Search engine optimization (SEO), in part, relies on a Web site serving up original copy and content, but publishers now have a button similar to the Facebook Like, Google+ or Share It button they can embed, allowing others to syndicate content without getting dinged. It's as easy as embedding a video.
Publishers that do a good job linking to articles within other articles can drive traffic back to their site. "We're seeing 5.7% click-through rates," he said. "When the people do click through they read more pages, because they're coming through a linked article rather than some random tweet."
Pettitt said when search engine bots scan the site to index content they identify the embed code that looks to Google or Bing as the title of the article linked back to the original article.

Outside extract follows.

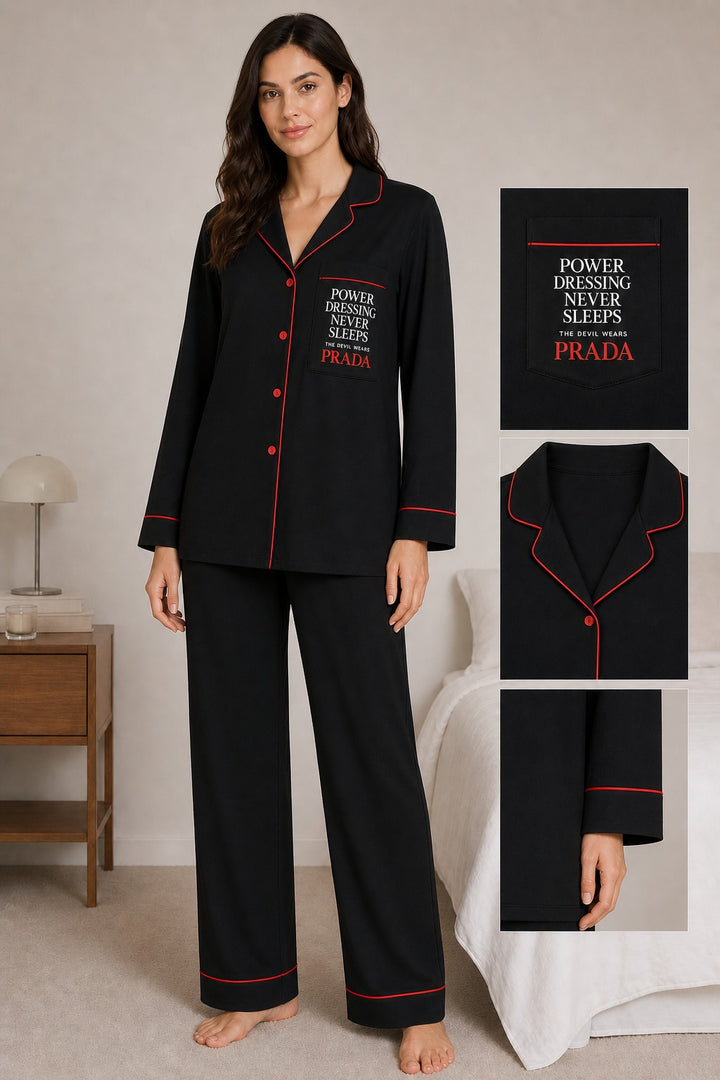 Power Dressing Long Sleeve Women's Night Suit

He claims the engines don't index the text of the article on the syndicated sites. The embed code includes the title and the first 250 characters. If Google, for example, indexed the embed code, it would receive a canonical link providing instructions to find the original.
The idea for publishers to benefit from syndicating content that can drive Web traffic back to their site from others churns out on average 30% more page views on the syndicated site, compared with the original. "It's like another site is running a giant ad for your content for free," he said, claiming that about 900 sites use the network, including Credit.com, and Enquirer.
The ad in the copy block on the original site comes along with the syndicated content. The publisher provides Repost.Us with a set of ad tags to use with the syndicated content.
Benefits stop at pagination, however. The platform will not paginate the copy on the destination site, which means all copy -- up to 5,000 words -- flows onto one page. Most copy picked up spans between 500 and 1,500 words. Pettitt said.
Pettitt is not a stranger to technologies that step out of the box. He worked at companies such as the art festival Black Rock Rangers at Burning Man, and BitTorrent.